The recently released White House National Cybersecurity Strategy was a welcome sight for many because it shows how seriously the United States takes cybersecurity. The strategy was made appropriately broad to capture the multi-faceted, complex nature of the cybercrime threat landscape in 2023. It focuses on critical infrastructure resilience and the role software vulnerabilities play in cyberattacks. It seeks to capitalize on the recent success multi-national law enforcement efforts have had on cybercrime and outlines further implementation of the Anti-Money Laundering/Combating the Financing of Terrorism (AML/CFT) and Know Your Customer (KYC) standards to make using cryptocurrencies for ransomware more difficult.
However, there were some oversights in the strategy that the White House needs to rectify if we are to make progress with cybersecurity. I think the administration should consider these recommendations:
- Focus on smaller companies. The strategy says that private sector companies are capable of mitigating most cyber incidents without direct federal assistance. I wonder which companies they are talking about? According to the U.S. Small Business Administration, small- to medium-sized businesses (SMBs) generate more than 44% of the national GDP. We must address cybersecurity with SMBs if we are ever to make progress against ransomware and other types of cyberattacks.
- Stop operating in silos.

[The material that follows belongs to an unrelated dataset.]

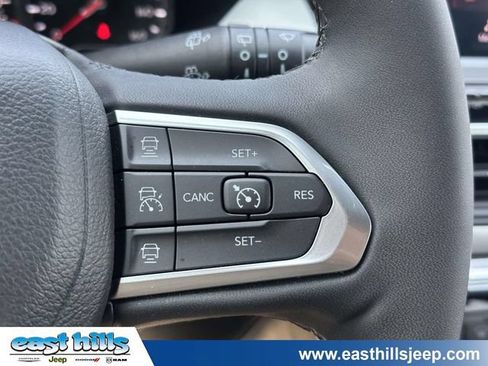 Used 2023 Jeep Compass Limited w/ Sun and Sound Group AWD/4WD image 33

As one of its objectives, the U.S. government says it plans to increase intelligence-sharing with the private sector and cyber-crime victims. This sounds good, but federal agencies operate in silos – they don’t communicate with each other, let alone the private sector. The government needs actionable strategies to tear down the silos so agencies can effectively communicate with each other and the people they serve. As for cybercrime victims, it’s a murky situation – victims rarely know if they should report to the FBI, CISA or to local law enforcement.
- Regain the trust of the cloud providers. Regarding the government collaborating with cloud providers, the strategy says that the Biden administration will identify gaps in authorities to drive cybersecurity practices in the cloud-computing industry and other essential third-party services, and work with industry, Congress and regulators to close them. Again, this sounds fine. But cloud providers don’t trust the government – and for good reason. For example, the government has tapped some cloud providers to get information on their users. The government has a lot of work to do to establish trust before cloud providers will work with it.
- Reconsider imposing too much liability on insecure software products. This notion in the White House strategy has earned a lot of press since it was first announced. But really, it’s the pot calling the kettle black. How often has the government created vulnerable and brittle systems that fail? For example, the data breach at the U.S. Marshall’s Service was caused by exactly this issue. The strategy puts too much liability on software vendors' insecure products. It’s another case where the U.S. federal government needs to look in the mirror before accusing others.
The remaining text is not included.